Step # 3. Determination of Similarity:
The character data tabulated in a t x n table are next analyzed to yield similarity between the OTUs. The simplest method is to count for each pair of OTUs number of characters which are identical in both, i.e. either ++ or – -, and the number of characters which differ in the pair e.g. + – or – +.
Thus, similarities or dissimilarities (matches or mismatches) for each pair of OTUs, e.g. between t1/t2, t1/t3 to t1/t10 and then t2/t3, t2/t4 to t2/t10 and so on, are counted. Similarity of each pair of OTUs can then be calculated from the proportion of characters that matches and the total number of characters studied and expressed as simple matching coefficient (SSM). The coefficients are often expressed as per cent similarity by multiplying with 100.
The calculation of simple matching coefficient is done in the following way:
SSM = a + d/a + b + c + d, where ‘a’ denotes positive matches (++) between two OTUs, ‘d’ denotes negative matches (- -), ‘b’ stands for mismatch (+ -) ‘c’ for mismatch (- +) and a + b + c + d gives the total number of characters studied. It is evident that SSM will yield a fraction which on multiplication by 100 gives % similarity between any pair of OTUs.
One of the possible alternatives to determine similarity is by calculation of Jacquerd’s coefficient (Sj). In calculation of Jacquerd’s coefficient, the negative matches i.e. ‘d’ of SSM is not taken into account. Thus, Sj = a/ a + b + c where a, b and c denote the same as used in calculation of SSM. SJ can also be expressed as percent by multiplication with 100.
The matching coefficient values are next tabulated to yield a similarity matrix or Smatrix. The square table of the Smatrix is symmetrical along the diagonal i.e. the left lower triangle is identical with the upper right triangle. So only the left triangle is filled up as shown in Table 3.7.
The figures entered in the table are SSM x 100 and are based on the hypothetical t x n table shown in Table 3.6:
Step # 4. Determination of Taxonomic Relations between OTUs:
The Smatrix itself does not reveal the taxonomic relations between the OTUs. To make such relations evident, the matrix needs manipulation through rearrangement by which the OTUs having highest similarity are brought close to each other forming clusters.

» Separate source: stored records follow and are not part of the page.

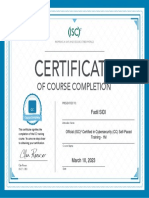 Official CC Course Completion Certificate - Official (ISC) Certified in Cybersecurity (CC) Self-Paced Training - 1M - SIDI PDF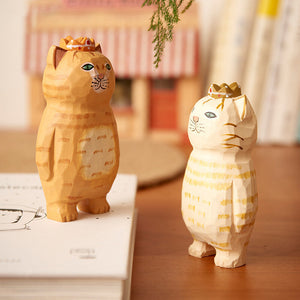 Ornement chaton sculpté en bois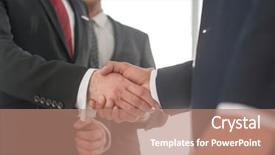  Presentation with shaking hands - Beautiful PPT layouts featuring close up business people shaking backdrop and a coral colored foreground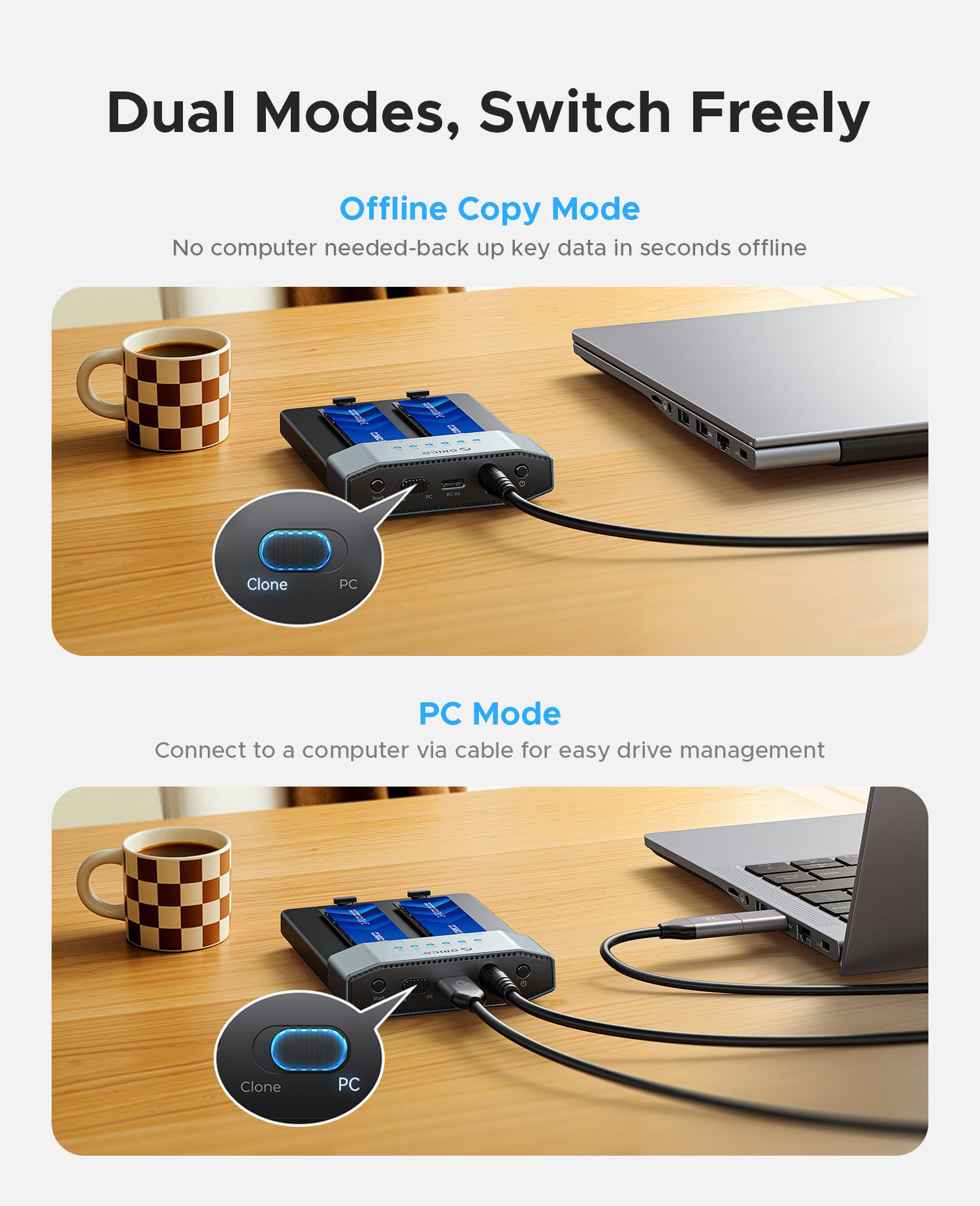 Dual modes demonstration showing Offline Copy Mode for standalone cloning without computer and PC Mode for connected drive management via USB cable.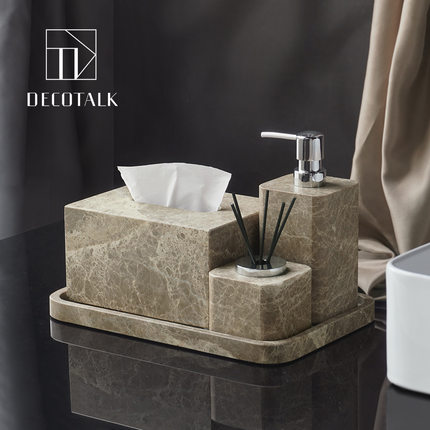DecoTalk原创设计天然大理石卫浴洗漱套件哑光侘寂风香薰瓶纸巾盒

For this purpose, the table is searched for the highest similarity values between pairs or groups of OTUs. These form a nucleus or nuclei of the cluster or clusters. The search is continued for the next highest similarity values and those OTUs are added to the cluster nuclei resulting in the increase in the cluster size.
The searching process is continued with gradually decreasing similarity values until all OTUs fuse into the cluster. There may be ultimately more than one cluster in the group under study. Such clusters of OTUs having a high degree of similarity are known as phenons in numerical taxonomy. The procedure for determination of phenons in a group is commonly known as cluster analysis.
In the same way similarity values of other OUT’s were calculated:
The results of cluster analysis are usually represented in the form of a tree-like diagram, called a dendrogram. Generally, the dendrogram is drawn horizontally and vertical lines drawn from left to right across it indicate increasing similarity percent. The branches of the tree are joined at different levels of similarity values. Ultimately,- all the branches join to form the stem of the dendrogram.
A dendrogram representing the phenetic relations of the ten hypothetical OTUs is shown in Fig. 3.7. The similarity level at which a cluster or phenon can be treated as a genus or species in terms of traditional taxonomy is a matter of subjective consideration. However, generally OTUs having about 80% similarity are taken as members of the same species.
In the above example, except OTUs t3 and t10, the others have 80% or higher similarity and, therefore, they belong to the same species of conventional taxonomy. The OTUs t3 and t10 have similarity at 70% level between them. Therefore, these two OTUs do not belong to the same species.